Como é possível o pai de Cinderela não morrer e ainda se tornar cúmplice da madrasta megera e renegar a própria filha? Três noites de baile e nada das doze badaladas do relógio? Cadê a abóbora que se transforma em carruagem? Sapatinho de ouro ao invés de cristal? Como é possível o conto terminar com a cegueira das irmãs e não com o “ E viveram felizes para sempre?”

Passado o momento “ a mais enganada de todas as criaturas”, meu arquétipo de vitima injustiçada deu uma trégua. Muitos dos contos e fábulas foram alterados ao longo dos anos nas cortes europeias (e não apenas pela Dysney) para não chocar, e também para agradar o gosto palaciano. Foi assim que aprendemos os contos de fadas bonzinhos. A perversão e a crueldade foram banidas ou maquiadas, reduzidas a maldade de criancinhas e mulheres mal amadas e travessas.

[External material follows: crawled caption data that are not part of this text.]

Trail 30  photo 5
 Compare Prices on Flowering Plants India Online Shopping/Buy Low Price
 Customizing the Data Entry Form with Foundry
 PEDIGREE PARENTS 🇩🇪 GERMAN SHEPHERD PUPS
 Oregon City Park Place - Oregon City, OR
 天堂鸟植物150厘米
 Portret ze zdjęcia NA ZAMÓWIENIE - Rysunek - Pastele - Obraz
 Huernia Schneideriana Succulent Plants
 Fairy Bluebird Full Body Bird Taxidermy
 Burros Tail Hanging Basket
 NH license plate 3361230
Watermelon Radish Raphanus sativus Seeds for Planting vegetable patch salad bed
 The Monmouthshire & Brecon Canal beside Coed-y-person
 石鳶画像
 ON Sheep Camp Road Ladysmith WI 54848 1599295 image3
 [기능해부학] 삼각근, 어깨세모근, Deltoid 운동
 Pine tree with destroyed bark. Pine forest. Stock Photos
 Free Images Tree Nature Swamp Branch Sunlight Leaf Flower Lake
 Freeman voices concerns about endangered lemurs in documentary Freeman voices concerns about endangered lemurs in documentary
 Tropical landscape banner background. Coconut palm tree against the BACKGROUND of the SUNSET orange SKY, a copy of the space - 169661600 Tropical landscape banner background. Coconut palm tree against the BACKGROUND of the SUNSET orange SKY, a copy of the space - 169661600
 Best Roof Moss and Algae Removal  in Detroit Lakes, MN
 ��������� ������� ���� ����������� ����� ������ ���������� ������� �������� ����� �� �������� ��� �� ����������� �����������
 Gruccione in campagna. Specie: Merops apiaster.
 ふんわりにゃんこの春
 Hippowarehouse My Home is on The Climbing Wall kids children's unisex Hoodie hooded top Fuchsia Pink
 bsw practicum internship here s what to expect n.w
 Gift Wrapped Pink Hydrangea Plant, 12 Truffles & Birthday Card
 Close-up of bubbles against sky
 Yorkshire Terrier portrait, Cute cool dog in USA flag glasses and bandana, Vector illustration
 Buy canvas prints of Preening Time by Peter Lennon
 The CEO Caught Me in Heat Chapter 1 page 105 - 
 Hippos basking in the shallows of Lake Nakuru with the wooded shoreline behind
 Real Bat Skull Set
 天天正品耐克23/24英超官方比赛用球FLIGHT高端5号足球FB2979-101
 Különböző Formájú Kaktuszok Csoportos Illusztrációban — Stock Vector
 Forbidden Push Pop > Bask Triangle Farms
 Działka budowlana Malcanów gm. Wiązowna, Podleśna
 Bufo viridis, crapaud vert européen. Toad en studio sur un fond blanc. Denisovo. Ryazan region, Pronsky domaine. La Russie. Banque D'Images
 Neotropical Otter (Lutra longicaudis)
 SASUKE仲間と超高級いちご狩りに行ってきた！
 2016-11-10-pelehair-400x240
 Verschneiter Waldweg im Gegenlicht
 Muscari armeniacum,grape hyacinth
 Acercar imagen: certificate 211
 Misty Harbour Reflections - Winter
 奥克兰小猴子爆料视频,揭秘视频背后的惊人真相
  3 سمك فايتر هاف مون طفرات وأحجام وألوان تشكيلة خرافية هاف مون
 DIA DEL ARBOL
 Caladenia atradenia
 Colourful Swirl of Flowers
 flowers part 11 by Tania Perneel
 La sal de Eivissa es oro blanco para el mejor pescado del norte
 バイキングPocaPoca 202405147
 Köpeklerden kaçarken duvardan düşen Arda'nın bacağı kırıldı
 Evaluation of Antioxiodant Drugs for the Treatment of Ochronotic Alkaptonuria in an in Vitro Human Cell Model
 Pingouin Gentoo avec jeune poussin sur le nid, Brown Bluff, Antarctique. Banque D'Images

Depois de fazer a análise psicanalítica de Harry Potter – também um trabalho de conclusão de uma formação acadêmica – imaginei que Cinderela seria “mamão com açúcar”. Que nada!!!! Além do livro de imagens feitas em cartolina, tintas, guache e pinceis, a interpretação simbólica dos elementos do conto tem sido algo como decifrar o cubo magico. Conceitos como anima e animus, sombra, circulo psico- orgânico e a plenitude cósmica andam se digladiando com os conceitos psicanalíticos de Bruno Bettelheim. Para mim, o simples fato de escolher o conto de fadas Cinderela já representa uma identificação projetiva pura. Analisar Cinderela é analisar-me.

O primeiro passo, obvio, é estudar e me familiarizar com a teoria do circulo psico-organico e os conceitos junguianos. Trabalhar minhas próprias transferências e contra-transferências. Uma pesquisa detalhada no grande dicionário dos Símbolos. E lógico, uma espiadinha no senhor Google.Uma dose extra de vinho também deve ajudar.